Comment by BugsJustFindMe

Comment by BugsJustFindMe 16 hours ago

9 replies

> If you have to keep the initial requirement for your software, then SQLite is completely out of equation.

No it isn't? You can run a thin sqlite wrapping process on another server just fine. Ultimately all any DB service is, PostgreSQL included, is a request handler and a storage handler. SQLite is just a storage handler, but you can easily put it behind a request handler too.

Putting access to sqlite behind a serial request queue used to be the standard way of implementing multi-threaded writes. That's only spitting distance away from also putting it behind TCP.

gunnarmorling 14 hours ago

You could do that, but you'd run into exactly the same bottleneck the author describes with a remote Postgres instance. The workload exposes high contention on hot rows. If transactions are kept open for several milliseconds due to this being a remote network call between client and DB server, throughput will be equally limited also when using SQLite.

  • andersmurphy 5 hours ago

    Yeah this is a very good point. Any sort of network drive will have similar issues with SQLite. You're very much wanting attached NVME.

Barathkanna 15 hours ago

Exactly. People forget that “SQLite can’t do X” often really means “SQLite doesn’t ship with X built in.” If you wrap it with a lightweight request handler or a queue, you essentially recreate the same pattern every other DB uses. The fact that PostgreSQL bundles its own coordinator doesn’t make SQLite fundamentally incapable. It just means you choose whether you want that layer integrated or external.

chasil 14 hours ago

As long as WAL mode is not enabled, connections over NFS/SMB or other file sharing protocols will work.

I'm not saying that this is a good idea, and it could fail in a spectacular manner, but it can be done. DML over this is just asking for trouble.

formerly_proven 16 hours ago

Well that's just dqlite/rqlite.

  • benjiro 13 hours ago

    > Well that's just dqlite.

    Far from it, as now your not just dealing with network but also with raft consensus... So each write is not just a network trip, its also 2x acknowledging. And your reads go over the leader, what can mean if somebody accessed node 1 app but node 2 is the leader, well, ...

    Its slower on reads and writes, then just replications that PostgreSQL does. And i do not mean async but even sync PostgreSQL will be faster.

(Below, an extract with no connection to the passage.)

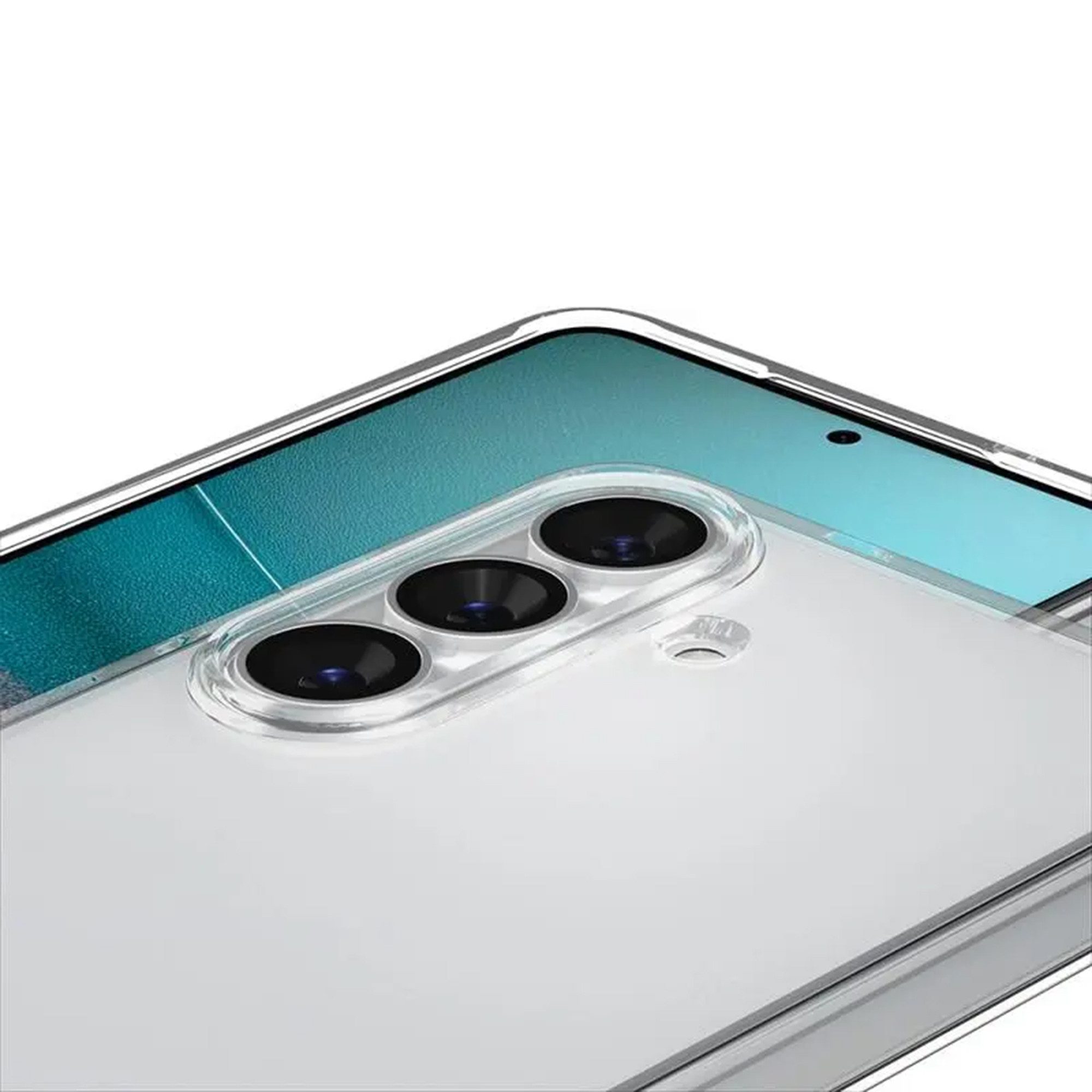 Spigen Backcover Spigen Liquid Crystal Backcover Samsung Galaxy S26 - Crystal Clear – Bild 4 von 5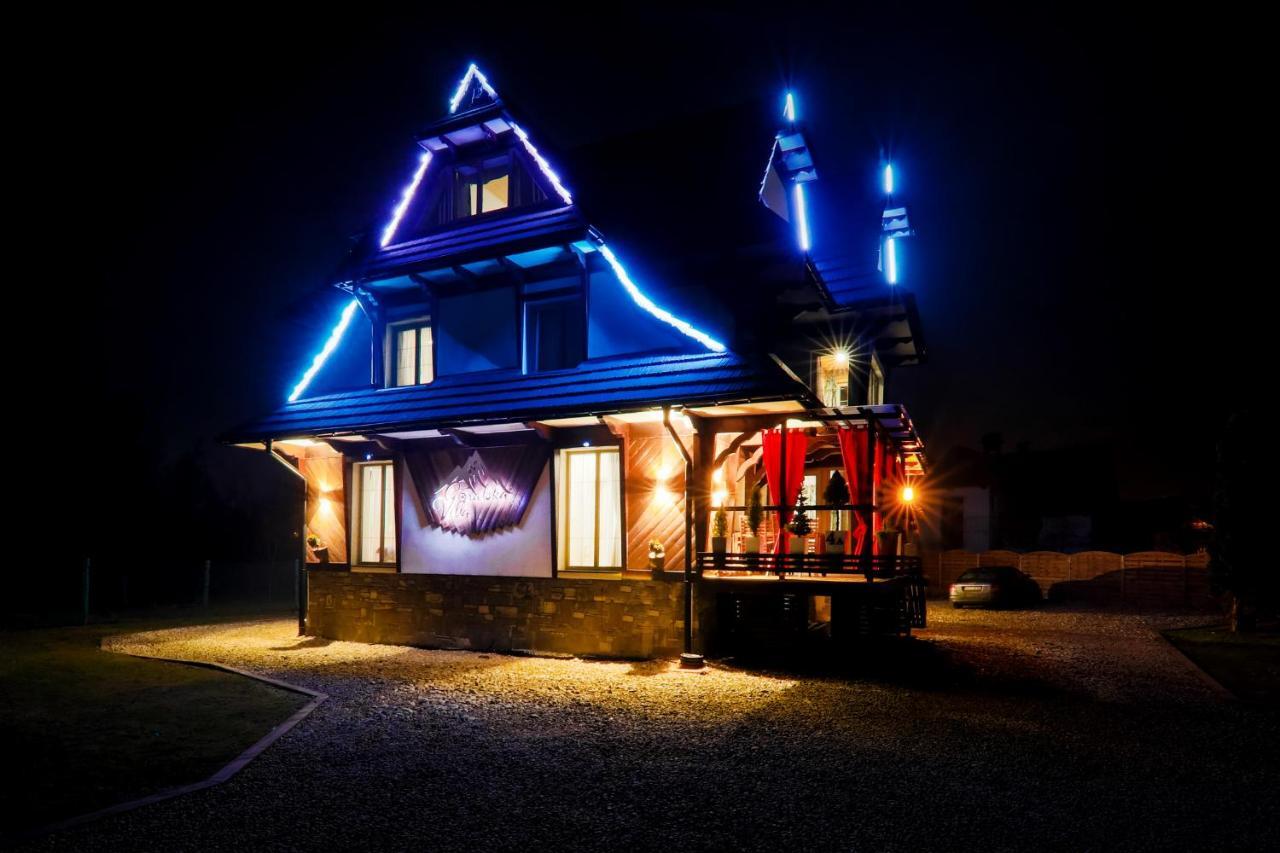 GÓRALSKA VILLA APARTAMENTY Z JACUZZI & HOME SPA & Zakopane Poronin Esterno foto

    The reason dqlite exists is because canonical needed something to synchronize their virtualization cluster (lxd), and they needed a db with raft consensus, that is a lib (as not a full blown server install like postgres). Performance was not the focus and its usage is totally different then most people needs here.

  • BugsJustFindMe 16 hours ago

    Dqlite and Rqlite are primarily for buildling fault-tolerant clusters. But if you just take the network access part, then ok sure, but also so what?

    • otoolep 16 hours ago

      rqlite[1] creator here.

      Nit: dqlite is a library, it is not a network-exposed database like rqlite is. Sure, it requires connecting to other nodes over the network, but local access is via in-process. In contrast one connects with rqlite over the network - HTTP specifically.